The Journal of the American Medical Association has published the results of a meta-analysis that aimed to assess the comparative efficacy, risk of weight gain and risk of hypoglycaemia associated with non-insulin hypoglycaemic agents when used in addition to metformin.
The study analysed data from 27 randomised controlled studies involving 11,198 participants. Comparisons were made between sulphonylureas, glinides (nateglinide, rapeglinide), glitazones (pioglitazone, rosiglitazone), alpha-glucosidase inhibitors (acarbose), GLP-1 analogs (exenatide, liraglutide) and DPP-4 inhibitors (sitagliptin, vildagliptin, saxagliptin). The studies varied in duration from 12-52 weeks.
All of the treatments were associated with similar reductions in HbA1c but there were differences in the risk of weight gain and hypoglycaemia. Sulphonylureas, glitazones and glinides were all associated with weight gain. Sulphonylureas and glinides were associated with hypoglycaemia.

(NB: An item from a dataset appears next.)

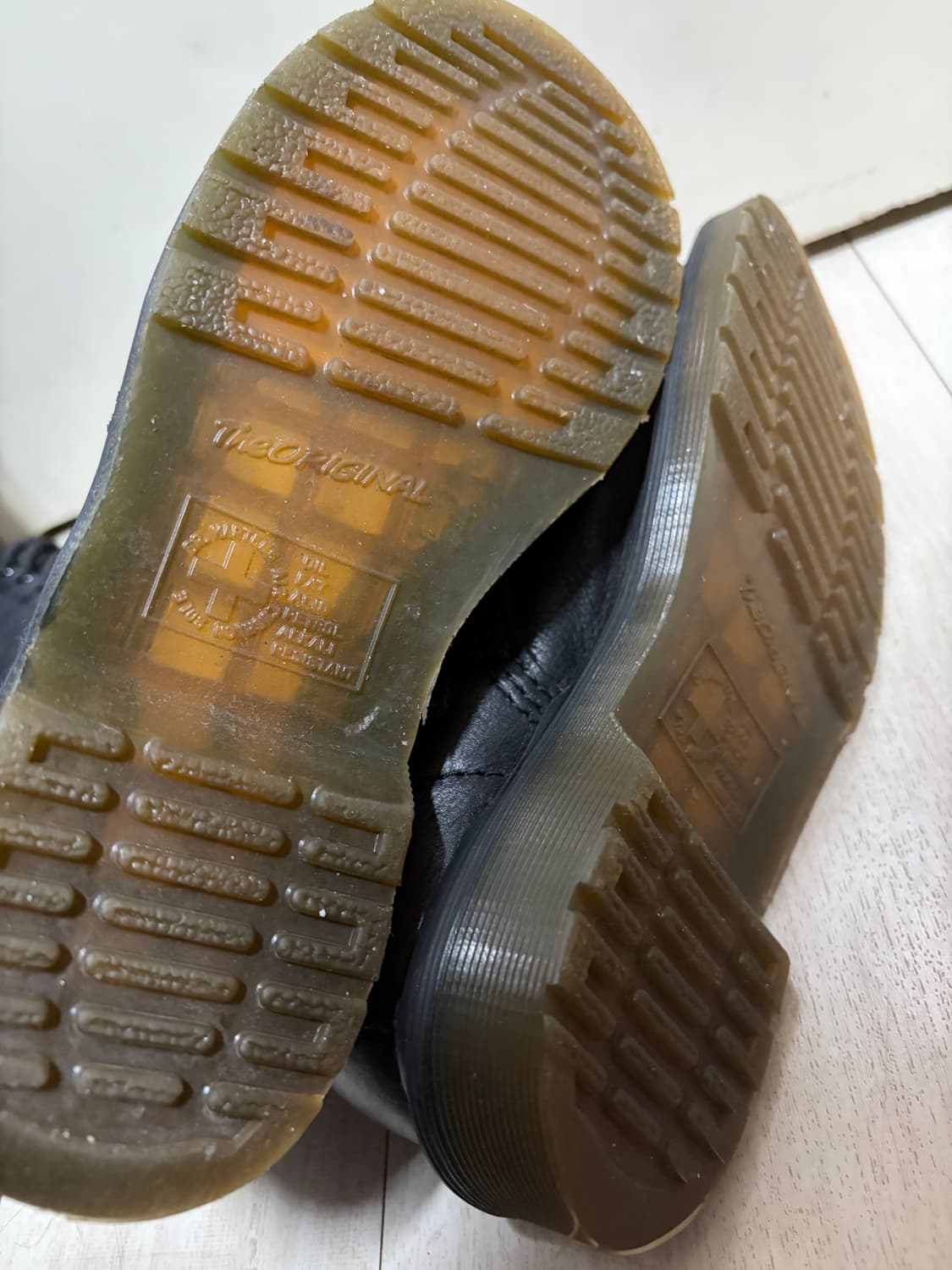 닥터마틴 1B99 버지니아 14홀 EU36 230사이즈 상품이미지5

The authors conclude that, "these factors and other considerations should be taken into account when selecting a second-line treatment to add to stable, maximum metformin".
Action: These results are not surprising and the recommendations are in keeping with the current NICE Guideline for diabetes. Clinicians should consider the relative benefits of the second-line agents with due regard for patient factors and acquisition cost.